Both, she said, had the promise of a long life, recovered from recent setbacks and, importantly, enough luck to capture power and money. When asked which one would win in a fight between the two hands, she was vague. Clearly, even fortune tellers don’t know what lies in store for the main protagonists in the Tamil Nadu elections, due on Thursday, when 38 of the 39 Lok Sabha seats go to the poll. (The EC on Tuesday cancelled the election to the Vellore constituency). In addition, by-elections to 18 assembly seats will be held on Thursday and another four on 19 May.
Like the palmist, many are uncertain about which way the polls are headed. But almost everybody accepts that the results will create history—the first chapter in the story of two dominant Dravidian parties, without their larger-than-life leaders for the first time.
Tamil politics have long been associated with the idea of nambikkai—trust in the party symbol and the leader. For the last several decades, that symbol has been either the AIADMK’s “two leaves" or the DMK’s “rising sun" and the leaders the iconic J. Jayalalithaa or M. Karunanidhi.
Jayalalithaa’s death in 2016 and Karunanidhi’s two years later have introduced a sense of uncertainty in Tamil politics. Jayalalithaa-led AIADMK swept 37 of the state’s 39 Lok Sabha seats in 2014 and in 2016, she became the only leader to come back to power for a second term since 1989, winning 134 of 227 assembly seats.
Now, the party has to win 20 of the 22 assembly seats in the byelections to be contested on Thursday and in May—just to stay in power, amid anti-incumbency, splinter groups, splitting votes and a general resentment of its tie-up with the Bharatiya Janata Party.
There are three splinter groups within the AIADMK who claim the legacy of Jayalalithaa. The EPS-run party got to keep the “two leaves" symbol for this poll, over claims by a major splinter group led by T.T.V. Dhinakaran, nephew of Sasikala, a former top aide of Jayalalithaa, now in jail.
“In people’s minds, this is no more about this party or that party. It is more about what does this mean in the overall situation," said Vijay Anand, founder and CEO of entrepreneurial hub The Startup Centre in Chennai.
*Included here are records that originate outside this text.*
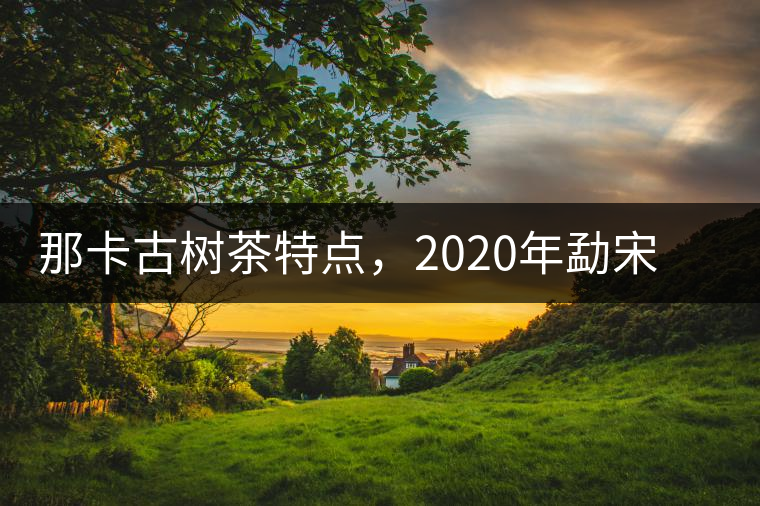 那卡古樹(shù)茶特點(diǎn)，2020年勐宋茶區(qū)保塘普洱茶口感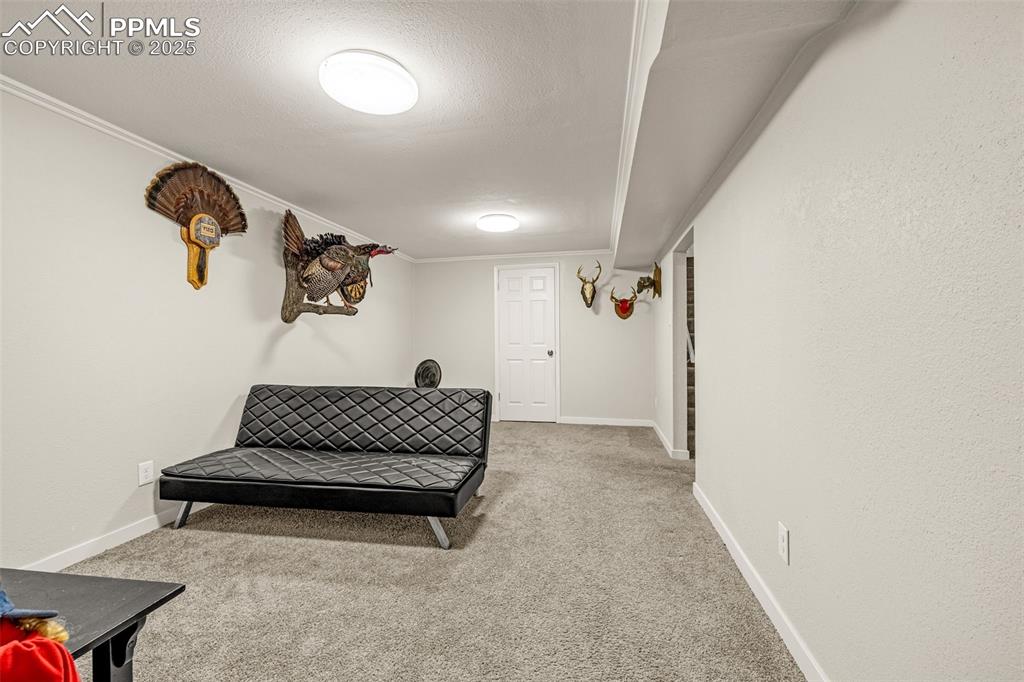 2522 Ivanhoe Drive Colorado Springs CO 80911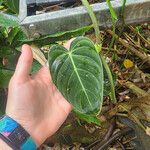 Philodendron gloriosum Blad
The DMK is also not holding up really well, even as it expects to make gains from the splitting of AIADMK votes. After Karunanidhi’s death, his son Stalin has been trying to emerge as the leader, but success has not been uniform across the state. He is taking all the help he can get: the DMK is part of an unusually large coalition (the spectrum ranges from Congress to the Communist Party of India). Worryingly for the DMK, Tamil people have not really forgotten the 2G scam, involving some of its leaders.
“Why should we vote for DMK? To get a 5G scam now?" asked Ramesh, a cab driver in Chennai.
“We need to uphold Hindu values. Stalin is an atheist and has been bashing Hindu customs, we won’t vote for him," said Vallinayagam, a port worker in Thoothukudi, where Karunanidhi’s daughter Kanimozhi, a two-term Rajya Sabha MP, is debuting for the Lok Sabha against the BJP.
Both parties also betting on a fresh party floated by actor Kamal Haasan may not create much impact.